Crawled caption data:

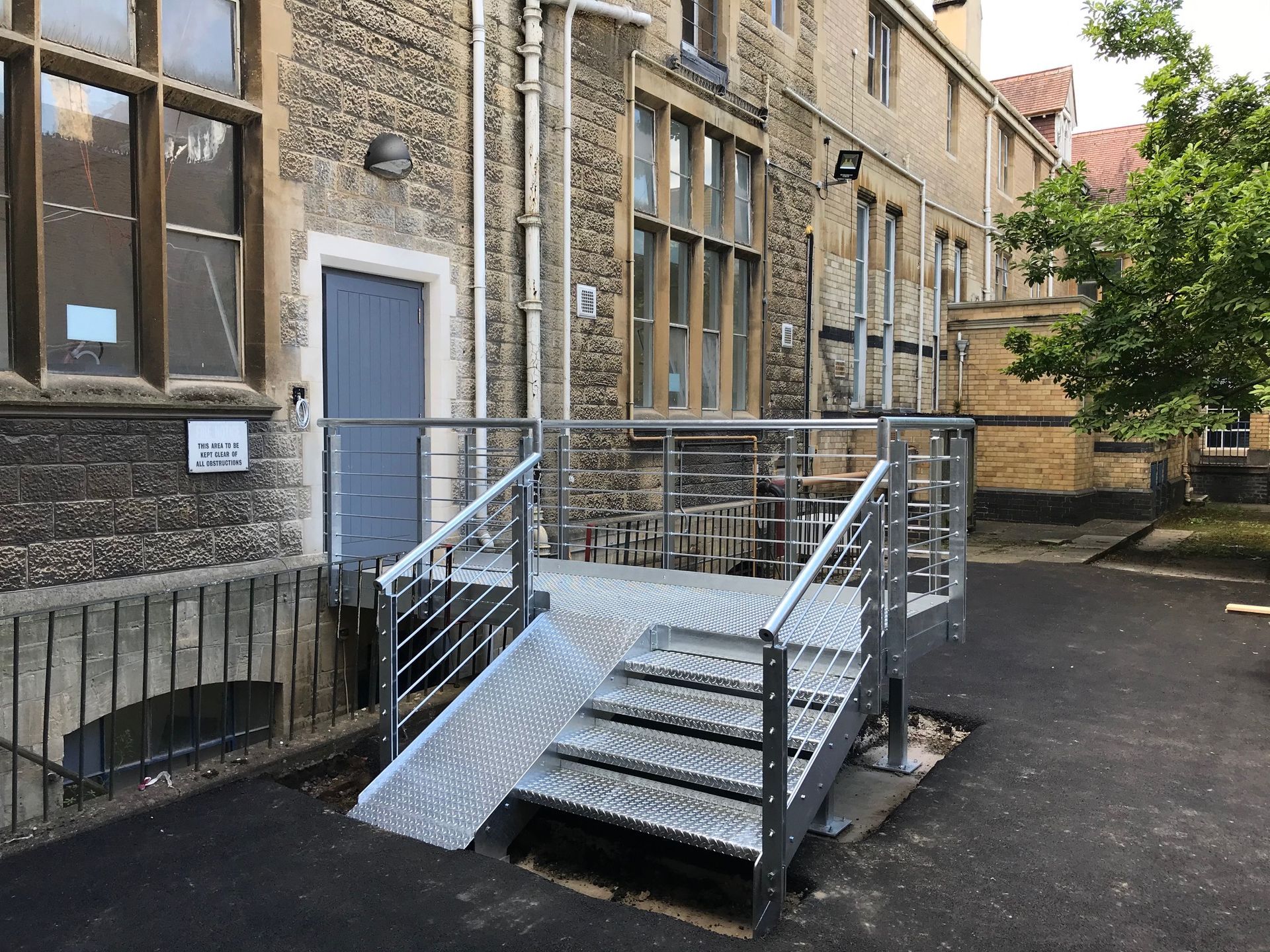 Metal ramp and steps provide accessible entry to a stone building with a blue door.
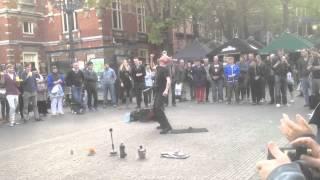 Guy goes through tennis racket while balancing ball on head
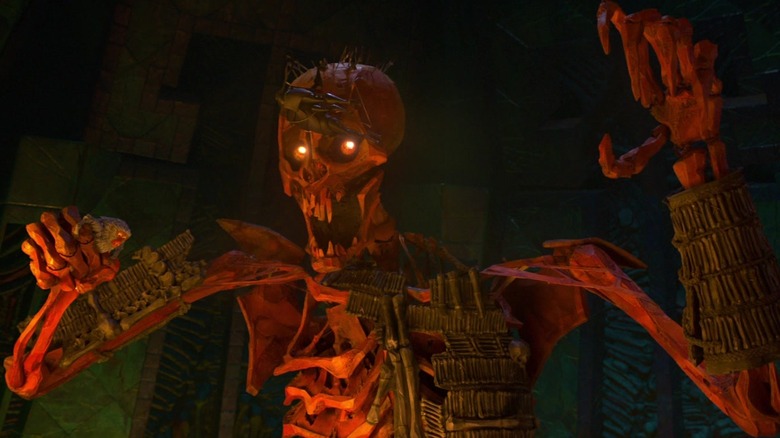 Un schelet uriaș cu Maimuța în pumn în Kubo și cele două șiruri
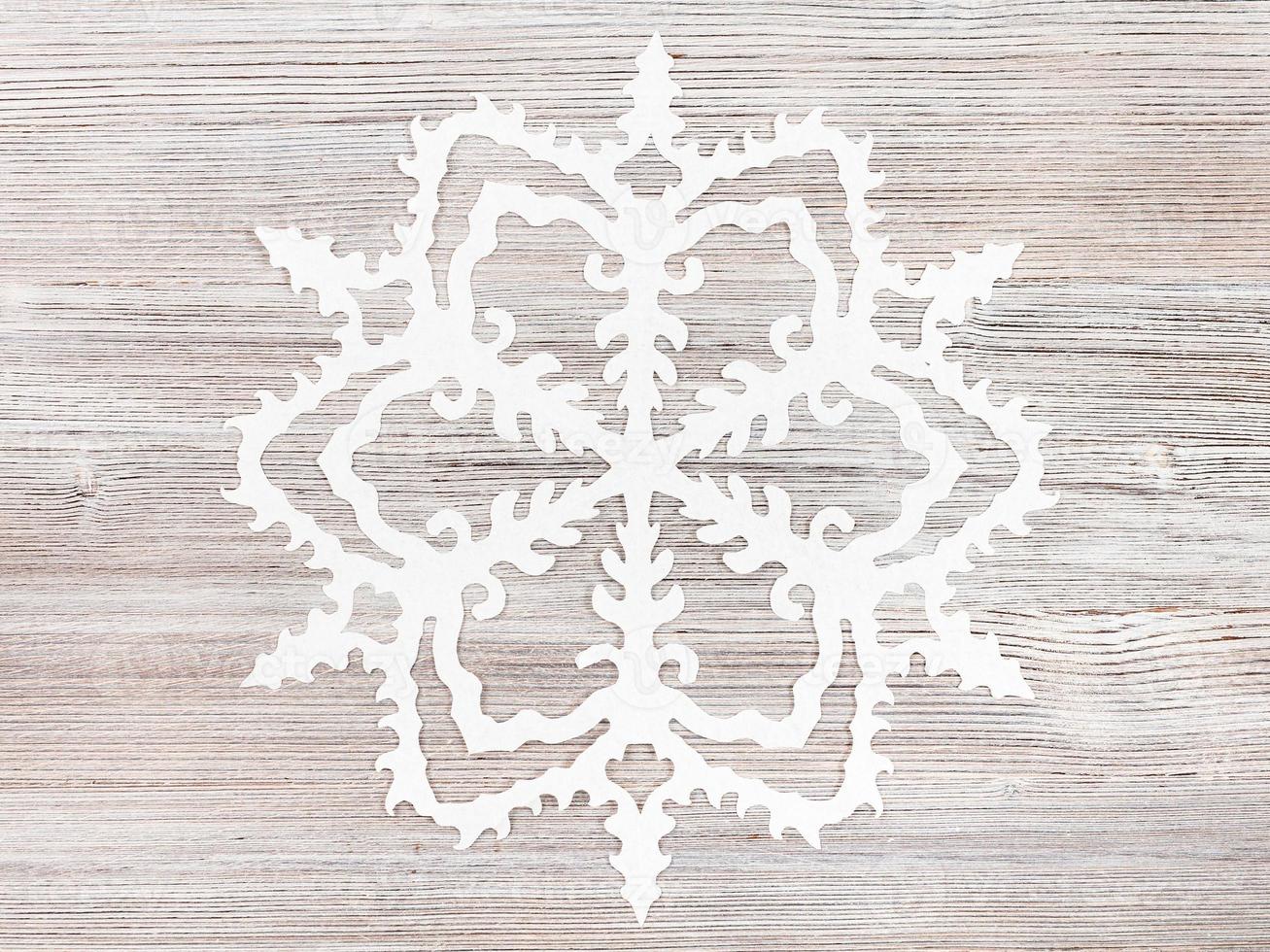 snowflake cut out of paper on light brown surface photo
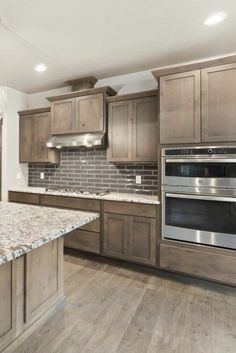 an empty kitchen with granite counter tops and stainless steel appliances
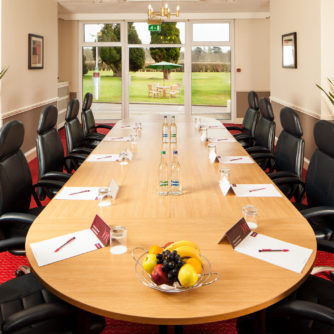 Table set for a meeting in Medway room overlooking the gardens at Mercure Maidstone Great Danes Hotel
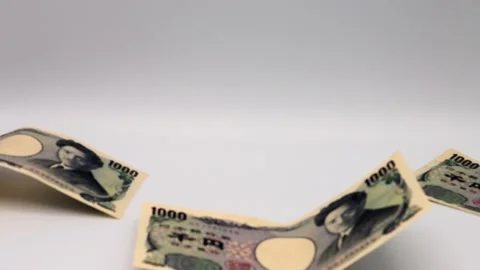 A thousand yen bill falling from above Stock Footage 336513826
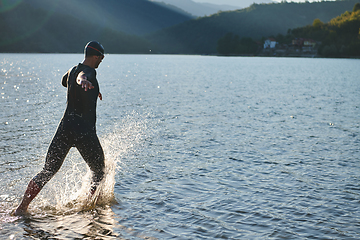 Image showing Triathlon athlete starting swimming training on lake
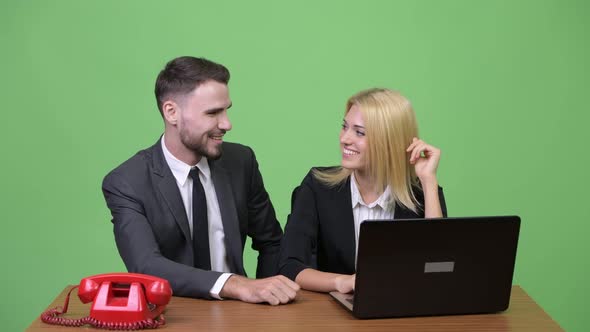 Young Businessman Flirting with Young Businesswoman and Getting Angry on Telephone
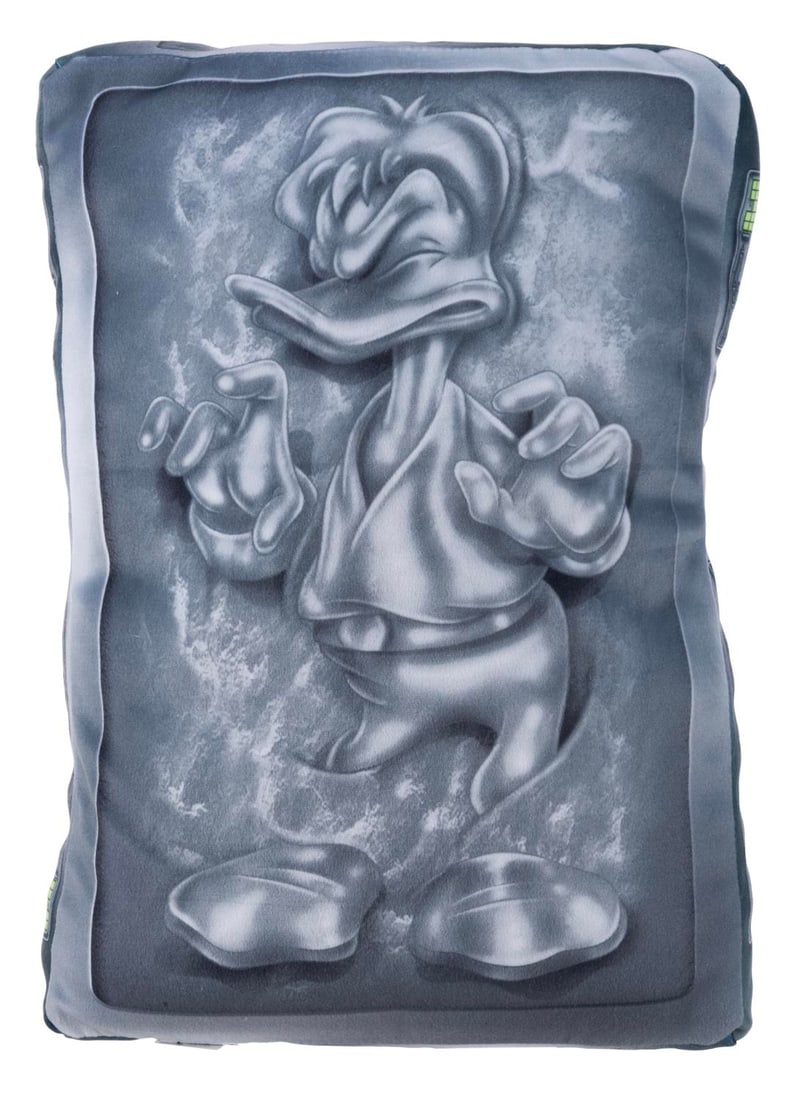 A Star Wars Donald Duck in Carbonite Pillow.: (Disney Parks, 2000s) A Donald Duck in Carbonite Star Wars pillow exclusively available at the Disney Parks. Measuring 6.5" x 12" x 18" the pillow is in fine condition.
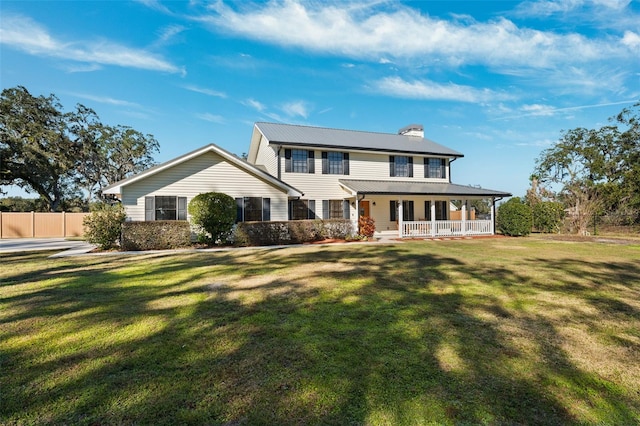 view of front of house featuring a front yard and a porch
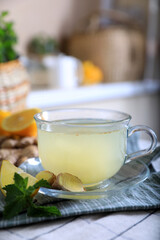 Glass of aromatic ginger tea and ingredients on white checkered tablecloth indoors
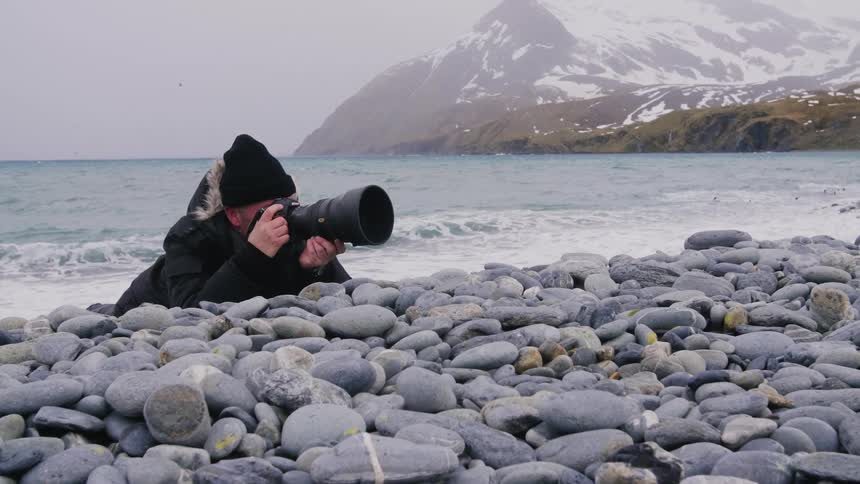 A photographer leans against rocks to take photos as a penguin frolics in the ocean behind him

ACTIVITY
In the entries above, find the line with "Guy goes through" and the line with "A thousand yen". Write out exactly those two lines and every line between them, pictures excluded.

SOLUTION FOR THIS PROBLEM
 Guy goes through tennis racket while balancing ball on head
 Un schelet uriaș cu Maimuța în pumn în Kubo și cele două șiruri
 snowflake cut out of paper on light brown surface photo
 an empty kitchen with granite counter tops and stainless steel appliances
 Table set for a meeting in Medway room overlooking the gardens at Mercure Maidstone Great Danes Hotel
 A thousand yen bill falling from above Stock Footage 336513826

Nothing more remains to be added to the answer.